Copie privée et jurisprudence.
Dans une affaire illustrée dans le jugement initial rendu le 30 avril 2004, qui é été modifié par un arrêt de la Cour d’appel de Paris du 22 avril 2005, puis annulé par une décision de la Cour de cassation du 28 février 2006, et enfin renvoyé devant la Cour d’appel de Paris, qui a été saisie à nouveau, le demandeur a fait valoir qu’il avait acheté un appareil combinant les fonctions de magnétoscope et de lecteur de DVD dans le but éventuel d’effectuer une copie sur une cassette vidéo VHS d’une œuvre enregistrée sur un support numérique DVD, et ce, dans le cadre d’un usage strictement personnel.

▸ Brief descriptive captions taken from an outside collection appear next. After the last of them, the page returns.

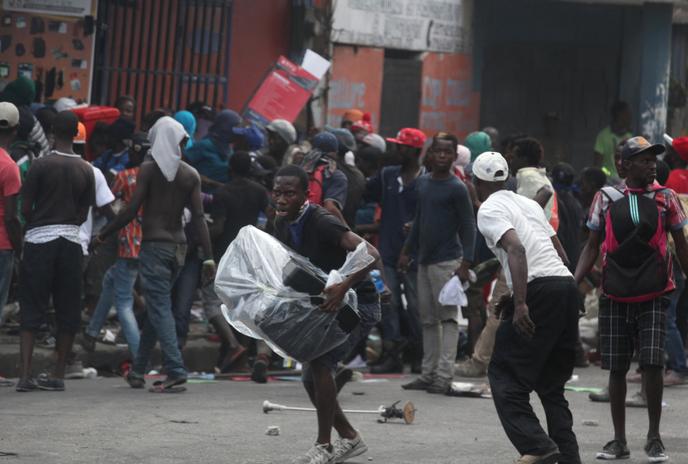 Des scènes de pillage lors d’une manifestation contre le président haïtien à Port-au-Prince, le 12 février.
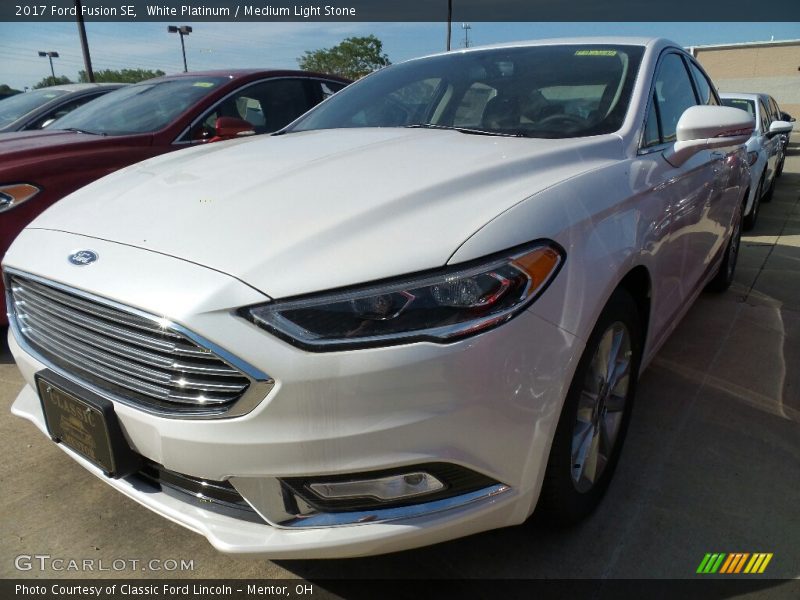 White Platinum / Medium Light Stone 2017 Ford Fusion SE
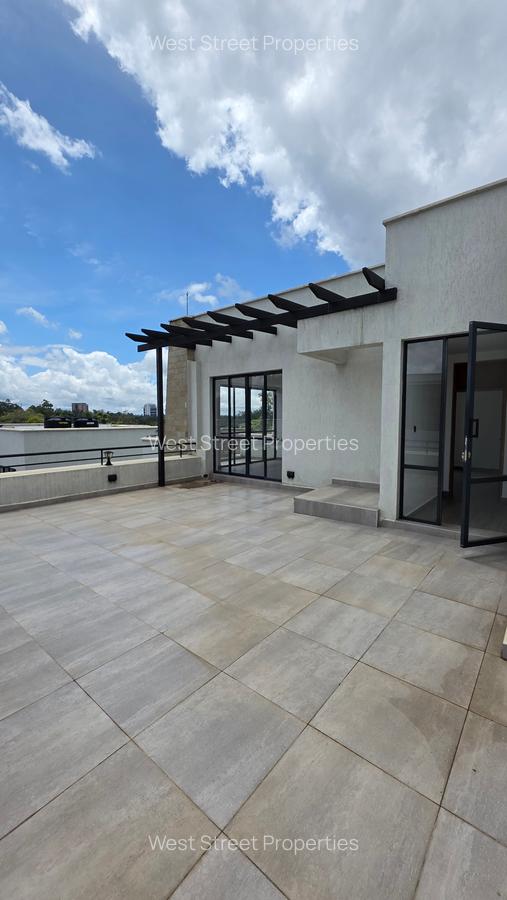 5 Bed Villa with En Suite at Lavington - 16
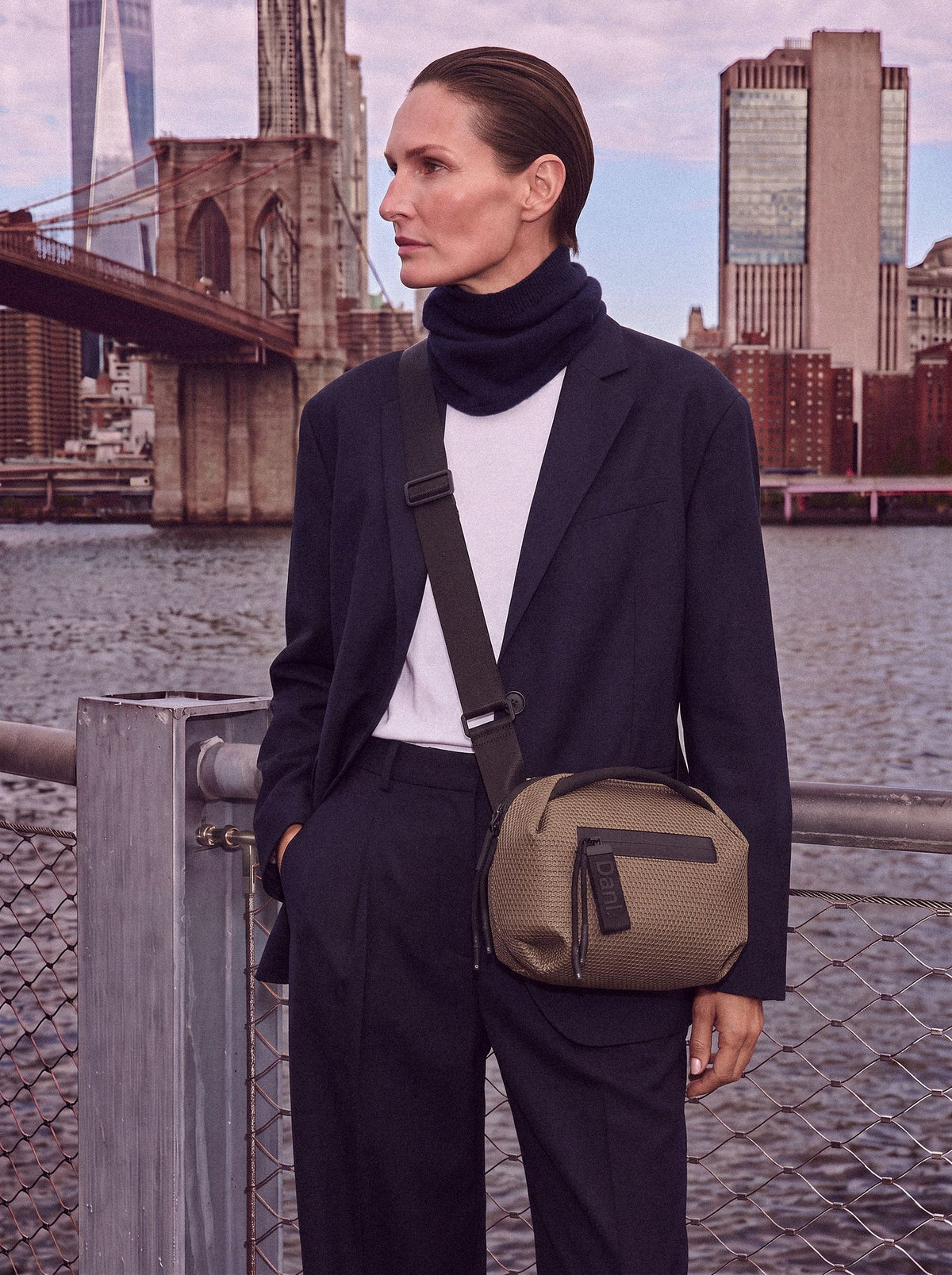 Crossbody bags for women: Bonnie Crossbody Bag in Taupe worn in New York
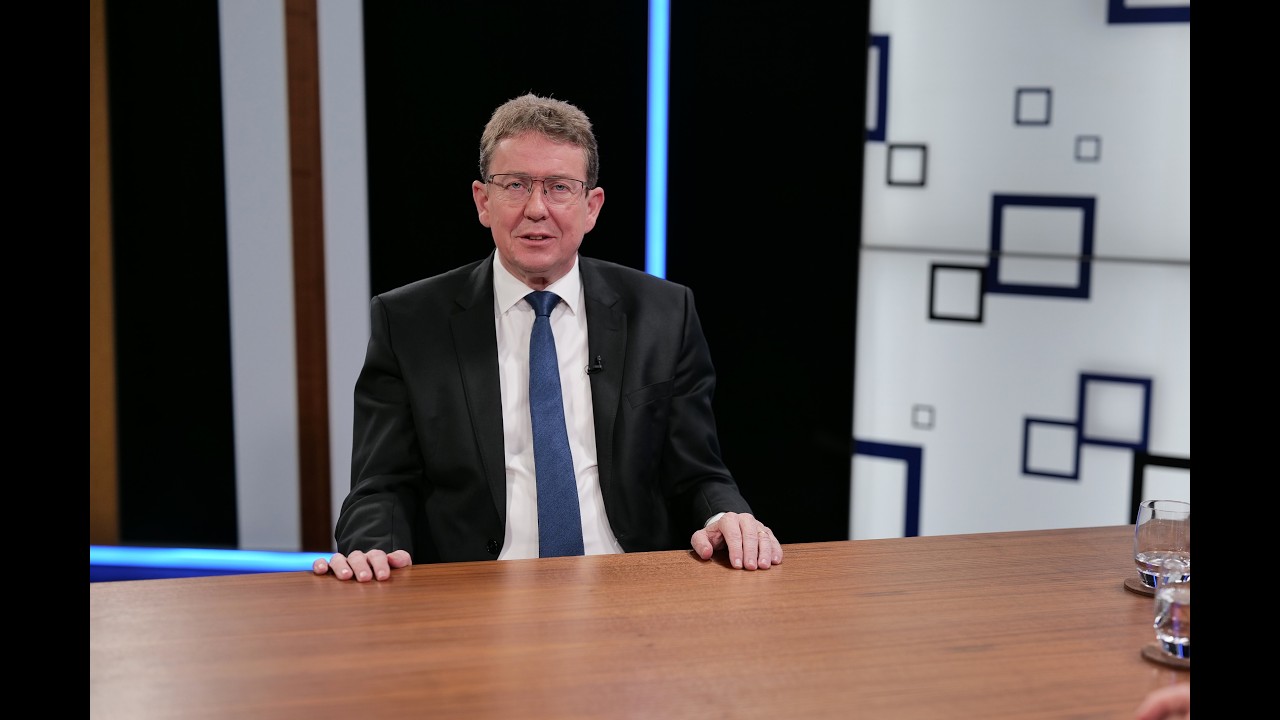 Albert R&ouml;sti | Gibt es in der Schweiz Dichtestress, Herr R&ouml;sti? (NZZ Standpunkte 2026)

Il a mentionné qu’il avait tenté, en vain, de réaliser une copie privée analogique à partir d’un DVD du film "Mulholland Drive", en raison de la mise en place d’un dispositif technique de protection sur le support numérique, dont il n’était fait aucune mention sur la jaquette du DVD.
Les premiers juges ont considéré que la copie d’une œuvre filmographique éditée sur un support numérique pouvait porter atteinte à l’exploitation normale de l’œuvre, rejetant ainsi la demande du demandeur. Tel n’était pas l’avis des juges de la Coup d’appel qui ont justifié la légitimité de la position du demandeur par le fait que l’auteur percevait une rémunération pour copie privée, et donc la copie de DVD ne pouvait en rien nuire à l’exploitation normale de son œuvre.
La Cour Suprême a, quant à elle, annulé la décision de la cour d’appel sous prétexte qu’elle a d’une part, violé l’article 9.2 de la convention de Berne qui fait exception au droit de copie dans les cas qui ne portent pas atteinte à l’exploitation normale de l’œuvre, et d’autre part, les articles L122-5 et L211-3 du Code de la propriété intellectuelle qui énoncent que la réalisation de copies ne doit pas avoir d’effet préjudiciable sur l’exploitation économique de l’œuvre.
A cet effet, les juges ont écarté l’exception pour copie privée, et ce, en considération des risques inhérents au nouvel environnement numérique en ce qui concerne la préservation des droits d’auteur, ainsi que de l’importance économique que représente l’exploitation de l’œuvre sous forme de DVD, pour le remboursement des coûts de production cinématographique.
La cour d’appel de renvoi a adopté la même position que la Cour suprême en validant la légalité des dispositifs anti-copie. Elle a jugé que la copie privée n’est pas considérée comme un droit, mais plutôt comme une exception prévue par la loi au principe interdisant de reproduire intégralement ou partiellement une œuvre protégée
Conclusion.
La coexistence des mesures techniques de protection (MTP) et de la copie privée, mettant souvent en scène un antagonisme entre l’auteur de l’œuvre et le consommateur, est une entreprise complexe qui nécessite un rééquilibrage constant.
Les éléments de cet équilibre sont en constante évolution en raison des progrès technologiques, des changements dans les habitudes sociales et commerciales, ainsi que des positions parfois rigides des différentes parties prenantes. Ces enjeux sont considérables pour les divers acteurs impliqués, qu’il s’agisse de consommateurs, d’industriels, de créateurs, d’interprètes, de producteurs ou de distributeurs.
Il est ainsi confirmé que la copie privée, malgré sa simplicité apparente, constitue un véritable défi sociétal. Pour relever ce défi, il est sage de reconnaître qu’aucun pouvoir ou acteur isolé ne peut y parvenir. La collaboration et la concertation entre toutes les parties prenantes sont indispensables pour trouver des solutions équilibrées et adaptées à cet enjeu complexe.